There’s a plethora of passwords in my life. Passwords are required for my checking and savings accounts (I do care about that). Passwords are needed for Facebook, Flicker, Twitter, the Base Exchange on-line store, for Ancestry.com and my Blog. Passwords are needed for other accounts I’ve probably forgotten about. It’s difficult to keep all the passwords straight, and still be able to think great legislative thoughts. Of course, there are hints for the passwords - but it’s onerous trying to remember which hint goes with which password. Of course, I dasn’t write any of the passwords down. The fact of the matter is, if I did write the passwords down, I probably wouldn’t be able to find them anyway.

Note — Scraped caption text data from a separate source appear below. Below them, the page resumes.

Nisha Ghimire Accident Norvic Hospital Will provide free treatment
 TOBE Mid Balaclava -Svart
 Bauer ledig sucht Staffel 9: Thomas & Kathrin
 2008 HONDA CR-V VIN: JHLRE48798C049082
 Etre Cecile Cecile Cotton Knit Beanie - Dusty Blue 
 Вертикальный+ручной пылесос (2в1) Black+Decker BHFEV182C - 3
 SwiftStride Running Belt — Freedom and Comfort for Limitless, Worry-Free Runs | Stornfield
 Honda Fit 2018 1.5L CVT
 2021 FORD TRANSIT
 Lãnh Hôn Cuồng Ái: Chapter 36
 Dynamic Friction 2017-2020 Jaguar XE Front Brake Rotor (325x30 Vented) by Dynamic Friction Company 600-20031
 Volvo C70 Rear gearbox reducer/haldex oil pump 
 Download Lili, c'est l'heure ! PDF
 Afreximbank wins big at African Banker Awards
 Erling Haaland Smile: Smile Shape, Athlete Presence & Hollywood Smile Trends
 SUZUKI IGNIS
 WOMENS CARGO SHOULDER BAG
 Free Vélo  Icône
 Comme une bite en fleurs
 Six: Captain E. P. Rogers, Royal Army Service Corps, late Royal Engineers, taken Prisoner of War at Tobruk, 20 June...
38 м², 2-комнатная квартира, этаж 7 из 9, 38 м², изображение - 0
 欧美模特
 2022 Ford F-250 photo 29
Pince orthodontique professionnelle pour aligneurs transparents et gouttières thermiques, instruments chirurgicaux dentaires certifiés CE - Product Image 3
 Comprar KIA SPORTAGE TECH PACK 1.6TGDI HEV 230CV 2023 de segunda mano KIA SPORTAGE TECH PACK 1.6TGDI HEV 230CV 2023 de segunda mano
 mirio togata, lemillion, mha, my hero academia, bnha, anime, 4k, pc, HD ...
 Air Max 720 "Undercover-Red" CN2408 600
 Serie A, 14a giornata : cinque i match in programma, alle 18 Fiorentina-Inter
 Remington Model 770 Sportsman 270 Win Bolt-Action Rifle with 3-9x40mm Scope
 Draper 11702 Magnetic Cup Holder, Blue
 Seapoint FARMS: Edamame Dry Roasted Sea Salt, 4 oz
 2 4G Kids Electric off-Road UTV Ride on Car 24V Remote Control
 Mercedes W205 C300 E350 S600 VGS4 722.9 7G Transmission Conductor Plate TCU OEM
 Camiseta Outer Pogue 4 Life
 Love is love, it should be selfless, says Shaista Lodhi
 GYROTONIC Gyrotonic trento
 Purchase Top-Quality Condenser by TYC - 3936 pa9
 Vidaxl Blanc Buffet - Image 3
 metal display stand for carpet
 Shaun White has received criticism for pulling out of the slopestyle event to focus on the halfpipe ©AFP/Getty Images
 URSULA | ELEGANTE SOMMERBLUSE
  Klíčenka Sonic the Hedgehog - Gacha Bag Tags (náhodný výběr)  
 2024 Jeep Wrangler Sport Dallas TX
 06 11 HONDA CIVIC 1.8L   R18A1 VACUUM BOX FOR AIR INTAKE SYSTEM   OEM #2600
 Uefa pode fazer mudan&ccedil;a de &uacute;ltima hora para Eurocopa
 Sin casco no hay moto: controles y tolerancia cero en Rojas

Only the burglar would be able to find them.
I just spent 45 minutes of my increasingly limited lifespan with a password retriever woman in Dallas, trying to help me get into one of my password required thingies. After getting through the voice recognition telephone menu (prime topic for another bitchy blog), she also had trouble getting the password to work properly. Nice lady, but talking to her (with periods of being on hold sans music) for 45 minutes hadn’t been on today’s agenda.
I voted against capital punishment in the House Judiciary Committee. But for anyone who continues messing up my life with password excesses, and telephone voice recognition menus, I might make an exception. Can everyone understand that - without a password?
1 Comments:
Ha, I know the feeling my friend. If you use Mozilla, there's a program called "Last Pass" you will find useful. I know I do.